• Entries supplied
----

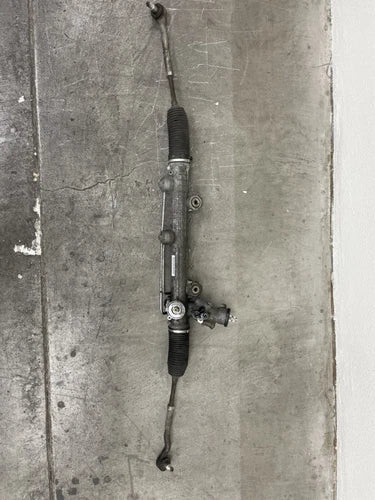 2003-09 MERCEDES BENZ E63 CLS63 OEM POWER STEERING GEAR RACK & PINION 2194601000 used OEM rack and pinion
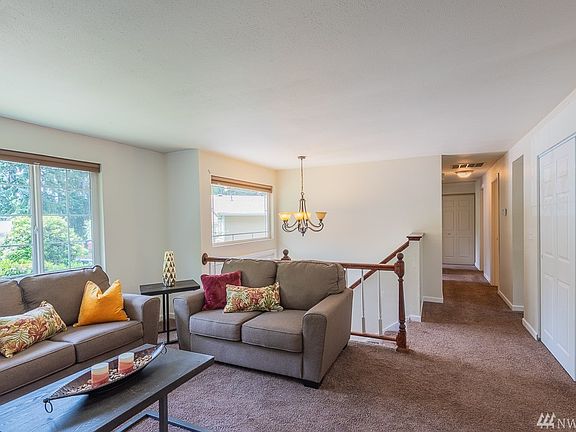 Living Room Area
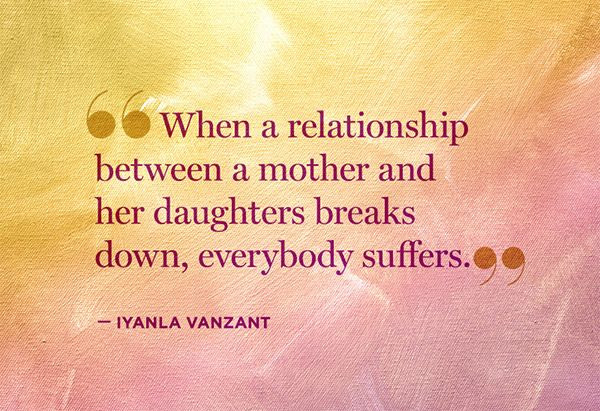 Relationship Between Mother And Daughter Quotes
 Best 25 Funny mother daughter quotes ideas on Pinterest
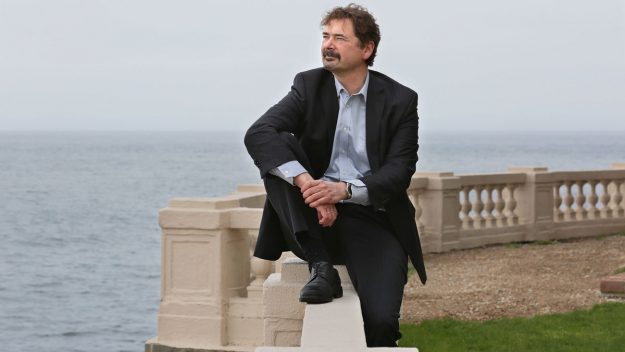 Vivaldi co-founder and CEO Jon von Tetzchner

----

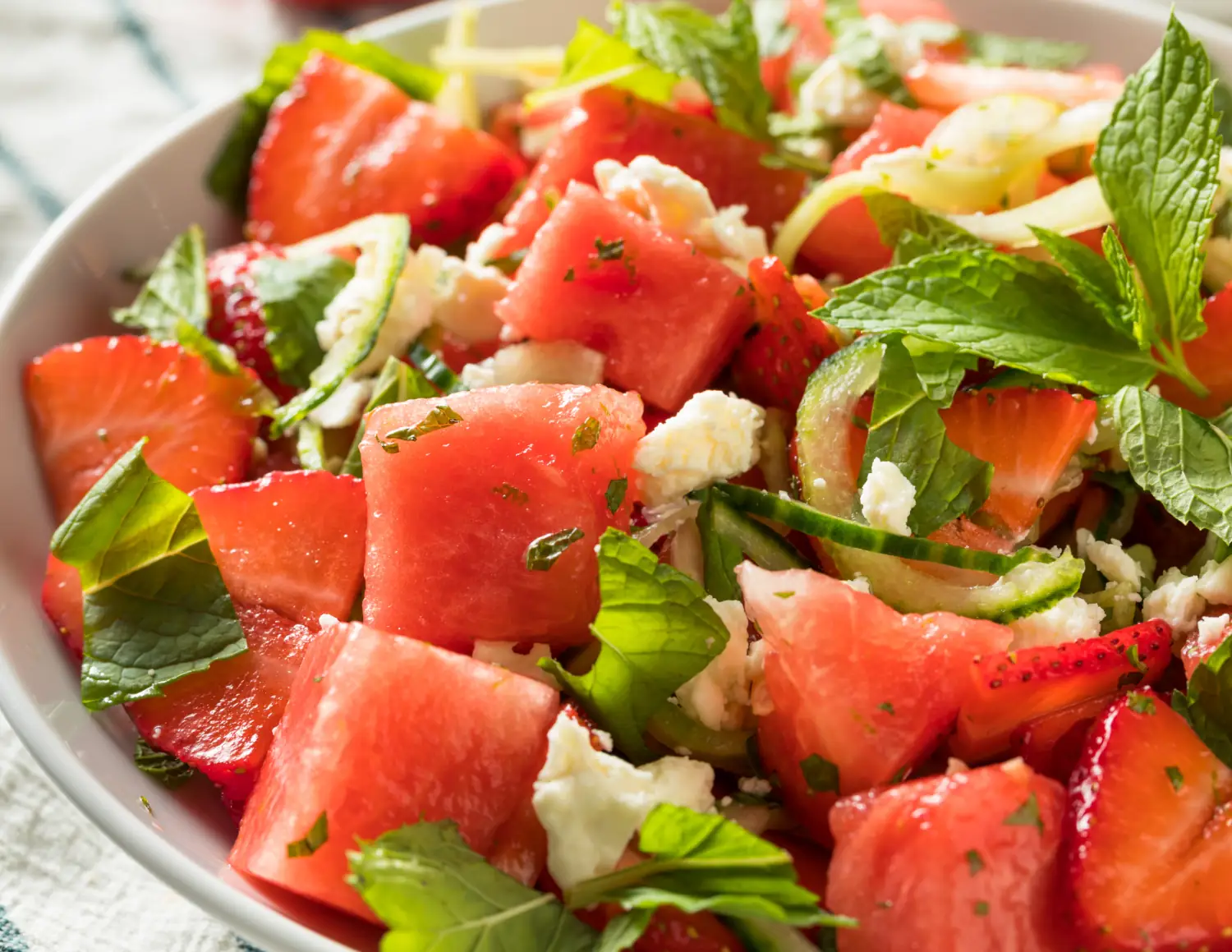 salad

----

• Task requirements
Using the entries above, transcribe every line from the line containing "Living Room Area" through the line containing "Vivaldi co-founder and CEO Jon von Tetzchner". Do not copy pictures.

• Solution
 Living Room Area
 Relationship Between Mother And Daughter Quotes
 Best 25 Funny mother daughter quotes ideas on Pinterest
 Vivaldi co-founder and CEO Jon von Tetzchner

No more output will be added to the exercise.